Exercise: Begin your copy at the line with "imageMethod Repairing Shampoo" in the records below and end it at the line with "maltese falcon 7", restating each line word for word; omit the pictures.
-- Task inputs follows --
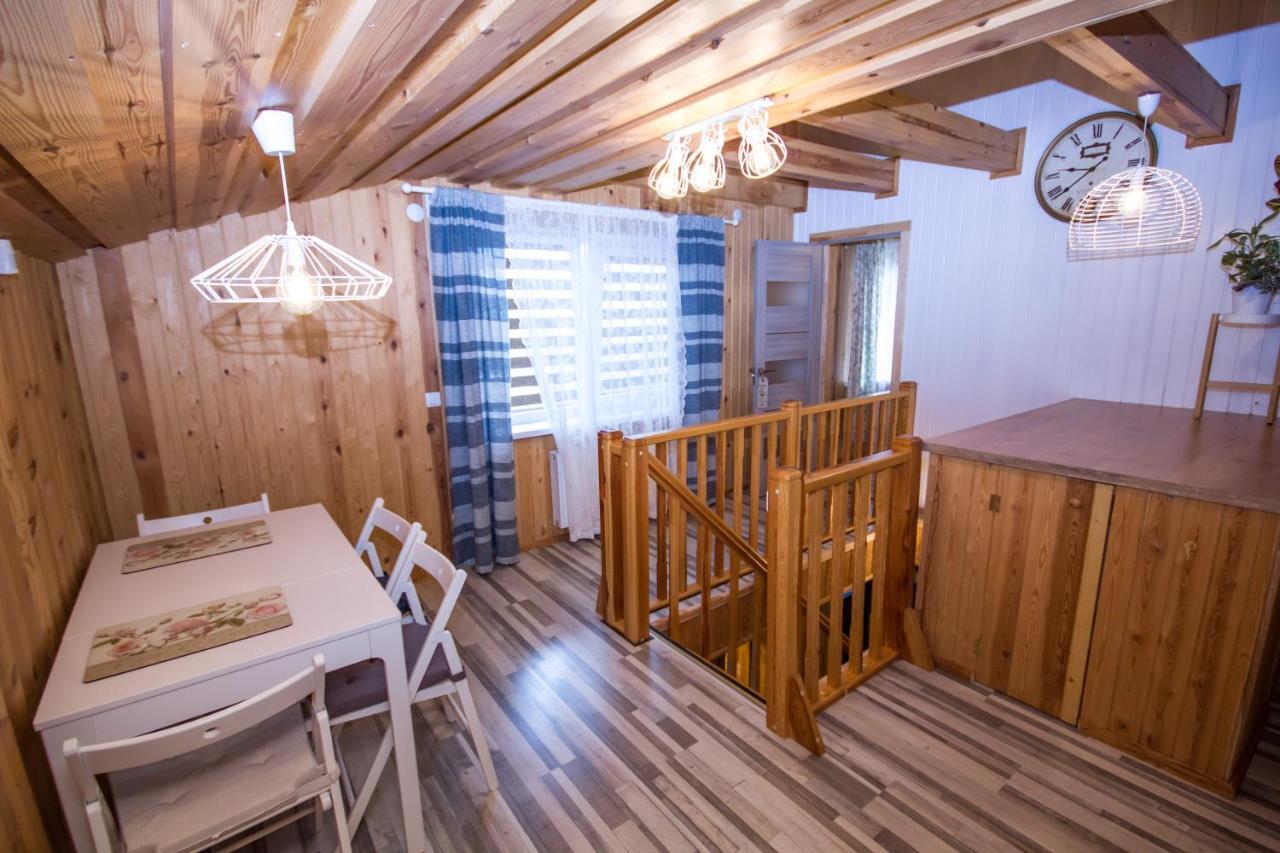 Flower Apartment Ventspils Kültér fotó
-- Task inputs concluded --
-- Task inputs follows --
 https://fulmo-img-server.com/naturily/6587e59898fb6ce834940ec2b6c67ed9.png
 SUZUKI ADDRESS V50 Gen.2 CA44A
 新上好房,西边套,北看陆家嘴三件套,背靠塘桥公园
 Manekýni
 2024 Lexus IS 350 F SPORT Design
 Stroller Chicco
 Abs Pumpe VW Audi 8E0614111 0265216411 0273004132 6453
-- Task inputs concluded --
-- Task inputs follows --
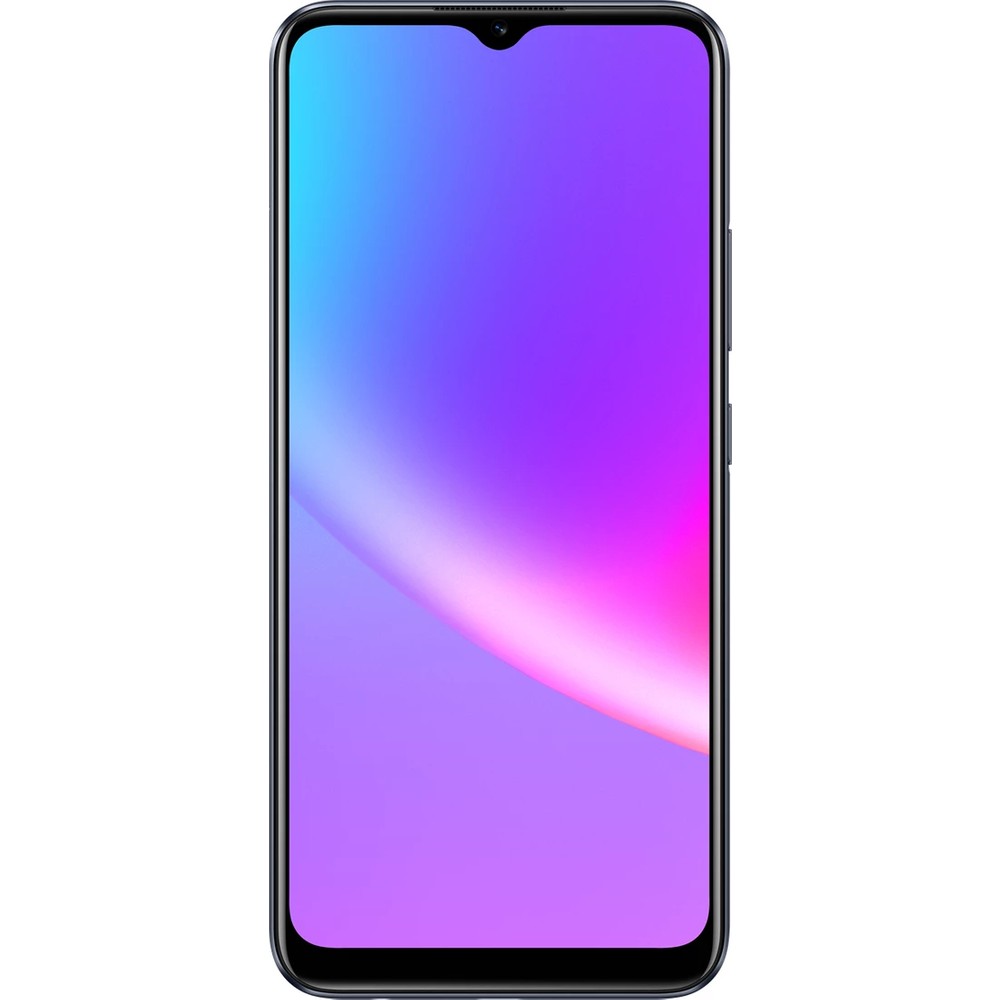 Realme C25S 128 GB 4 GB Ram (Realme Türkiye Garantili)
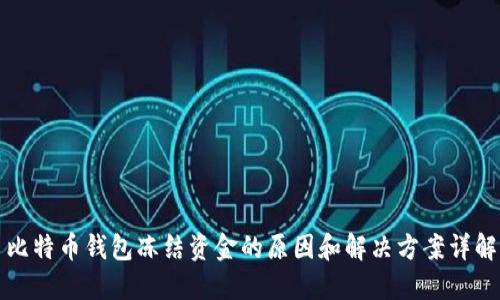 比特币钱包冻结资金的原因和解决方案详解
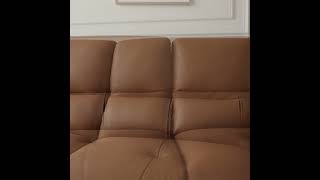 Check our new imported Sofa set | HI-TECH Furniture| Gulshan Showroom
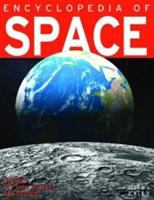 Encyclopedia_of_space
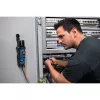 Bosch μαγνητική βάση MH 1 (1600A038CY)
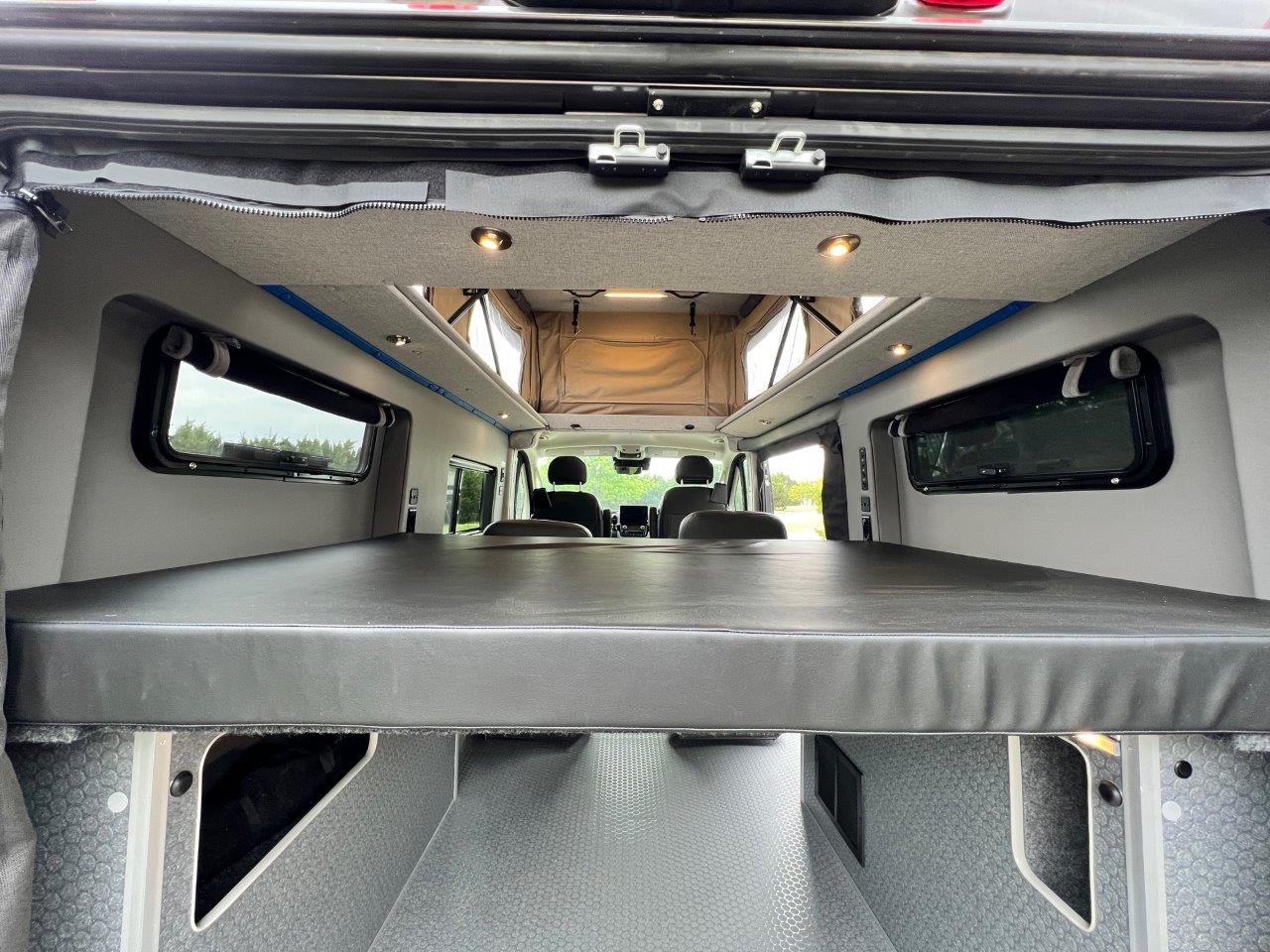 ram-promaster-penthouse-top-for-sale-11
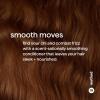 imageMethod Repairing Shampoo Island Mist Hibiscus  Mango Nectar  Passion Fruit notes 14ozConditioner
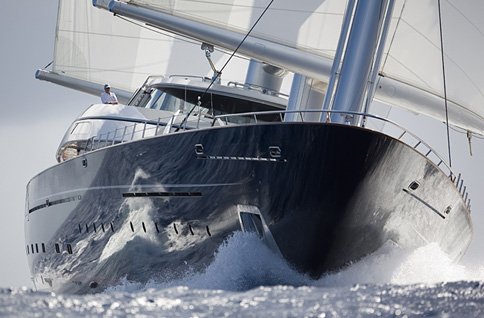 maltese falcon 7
-- Task inputs concluded --
Response:
 imageMethod Repairing Shampoo Island Mist Hibiscus  Mango Nectar  Passion Fruit notes 14ozConditioner
 maltese falcon 7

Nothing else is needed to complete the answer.